Nicker on 21/5/2025 at 13:05
The term "free will" is so loaded with ambiguity it is virtually useless. If it means unfettered desire, then clearly we can't have that because the laws of nature would have to be suspended to manifest each desire. And what happens when desires collide? Anything less, any sort of constraint and it isn't "free" will.
I think a better term is limited agency. Our liberty is not boundless but we still have real choices and we are still autonomous actors making those choices. Certainly we may be habituated, at times almost forced to choose well or poorly. Biochemistry, brain function, education, environment, your childhood. But even if these forces are compelling and the choice seems inevitable, there is still a real choice being made.
All acts of creativity, of making something that didn't exist previously, from the simplicity of the subatomic to the complex pinnacles of human genius, rely on two fundamental principles, structure and chaos. You can give these a million names and their natures change with each emergent plateau of manifestation, but they are always present. Structure alone is stagnant and chaos alone cannot manifest anything even fleeting.
Structure we understand. It is obvious because it preserves the creative act in enduring forms. What we often don't appreciate is the chaotic, accidental, optional moments which make those forms possible.

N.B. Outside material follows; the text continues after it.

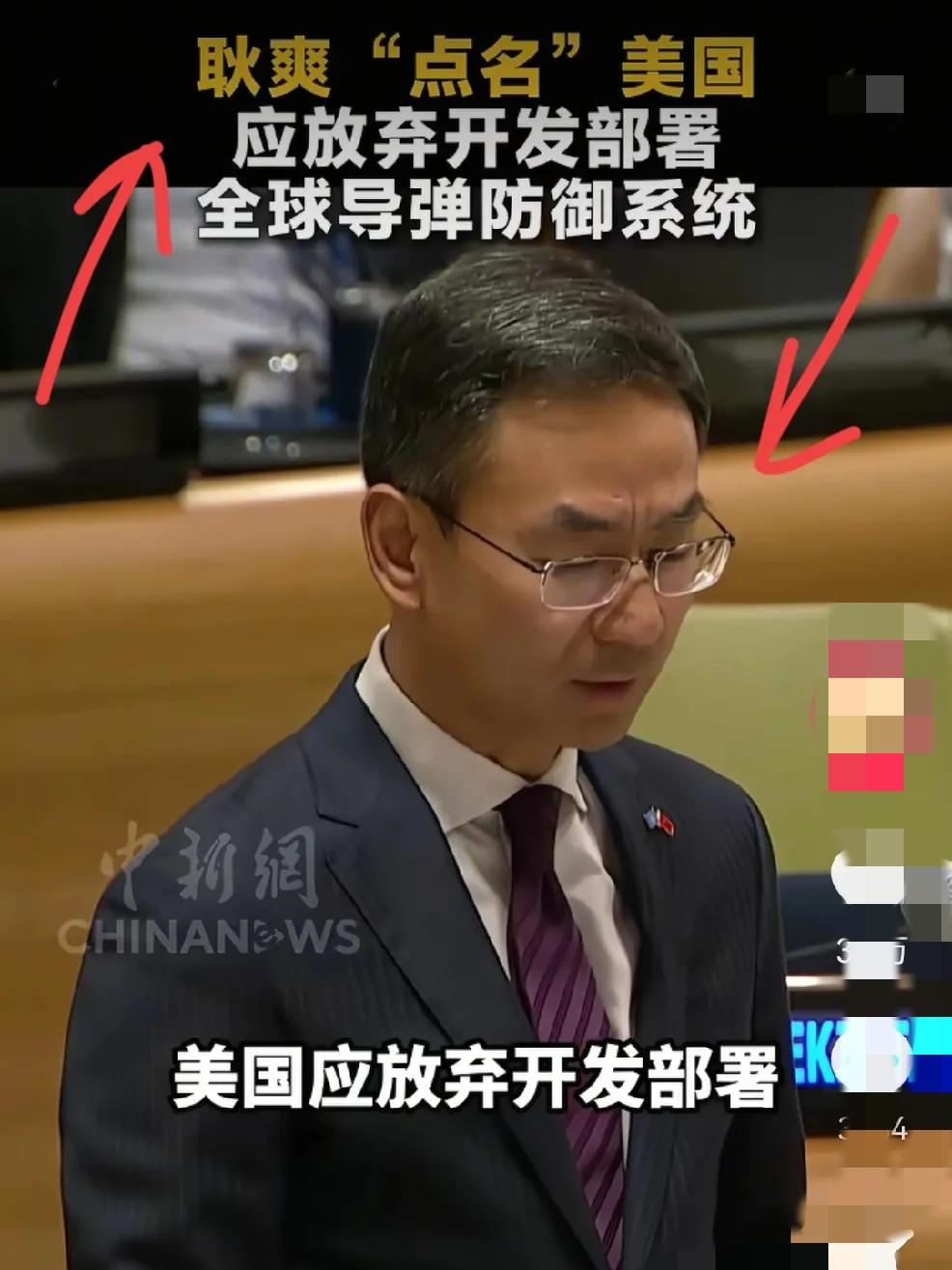 这步棋太妙！

   美国这回是真没辙了！
 
    9月26日联合国会议上，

Louis Pasteur said, "Chance favours the prepared mind,", referring to him accidentally infecting a petri dish and discovering penicillin. But artists and inventors can also cultivate that accidental element. Invention is the intersection of discipline and chaos.

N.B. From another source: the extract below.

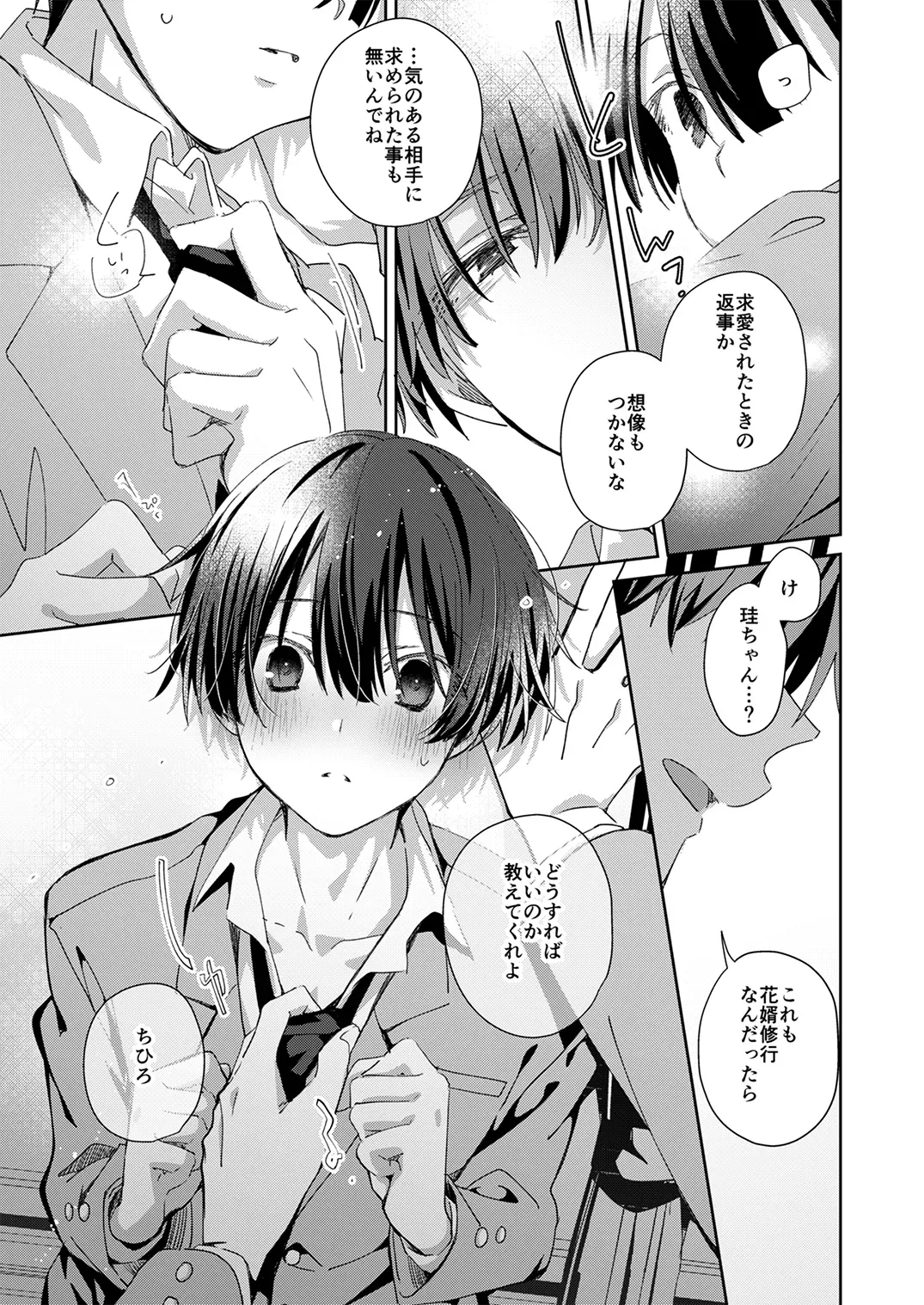 Page 105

So I know that the chaotic factor exists and is critical to all acts of creation. I assert that the element of chaos manifests in us as the choices we are presented with. I believe they are real choices, that they represent undetermined, branching paths, and that we have some say in making them. I believe that we do have limited agency and that the script of our lives were not written 13.8 billion years ago.

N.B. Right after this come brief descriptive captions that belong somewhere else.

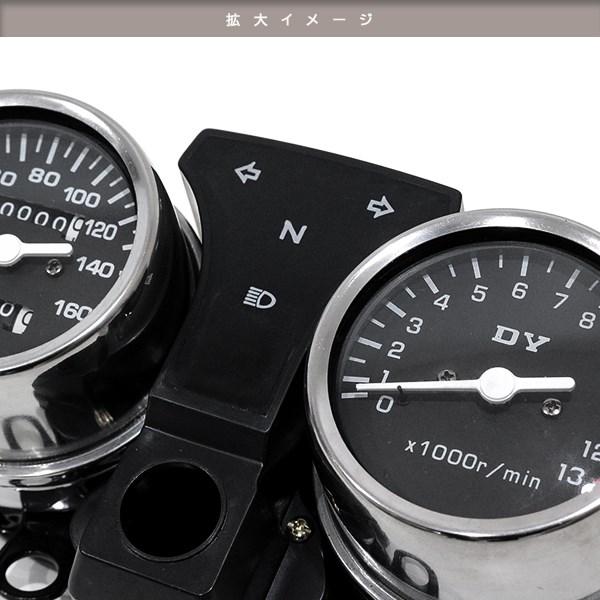 ホンダ HONDA CB250T CB400T ホーク バブ スピードメーター タコ
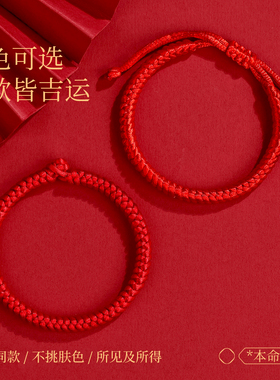 2026马年本命年破太岁红绳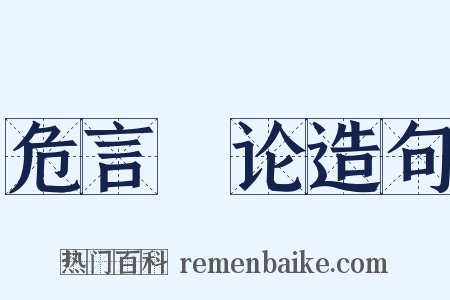 危言覈论造句是什么意思的图片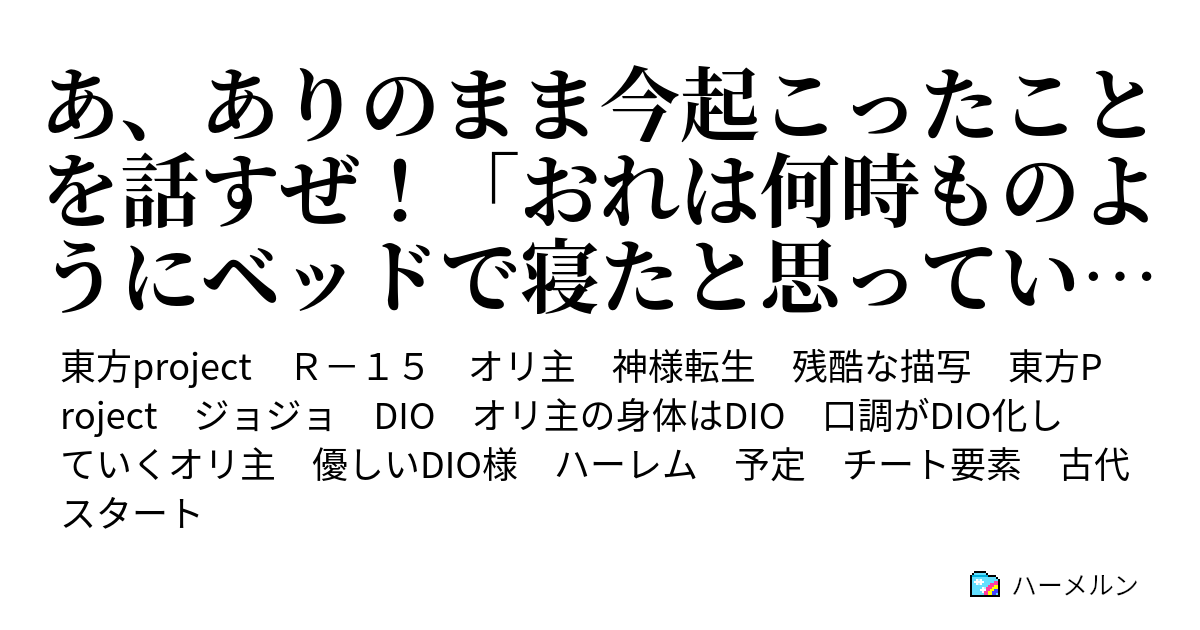 あ ありのまま今起こったことを話すぜ おれは何時ものようにベッドで寝たと思っていたらいつの間にかdioになって山の中にいた な 何を 言ってるのかわからねーと思うが Ry ハーメルン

Briareos H on 21/5/2025 at 16:52
Quote Posted by Nicker
I assert that the element of chaos manifests in us as the choices we are presented with. I believe they are real choices, that they represent undetermined, branching paths, and that we have some say in making them. I believe that we do have limited agency and that the script of our lives were not written 13.8 billion years ago.
I've turned around on free will to the point where my null assumption is absolute determinism i.e. I see no reason for any possibility of fundamental free will to exist. I acknowledge that this is an act of belief just the same as yours, but to me it is easier to believe that there are no undetermined branching paths, because the reality of our experience is always of one path.
Quote Posted by demagogue
[...]unless you insist that everything can only be described by a theory of everything which nobody currently knows or agrees on.
You don't need one theory of everything, you just need an axiom that whatever theories are describing one level down are deterministic (and they even may result in properties that are not all measurable).
IMHO, the argument that free will exists because we can define it as an emergent pattern of a system that is so complex that a complete description is unattainable is self-evident and only serves to introduce philosophical arguments into a topic that doesn't need it (although to be fair, such a topic isn't the one that Nicker brought up since his argument started philosophical).
Pyrian on 21/5/2025 at 20:01
I think there's tremendous irony in the determinism debate. It used to be, Physics was straight-up deterministic, and decision-making was regarded as unpredictable "free will" aka indeterminate.
Now we measure that at its root, Physics is indeterminate; and unpredictable decision making can be simulated with entirely deterministic systems. There's really no reason to think that determinism or free will exist. So much for that dichotomy.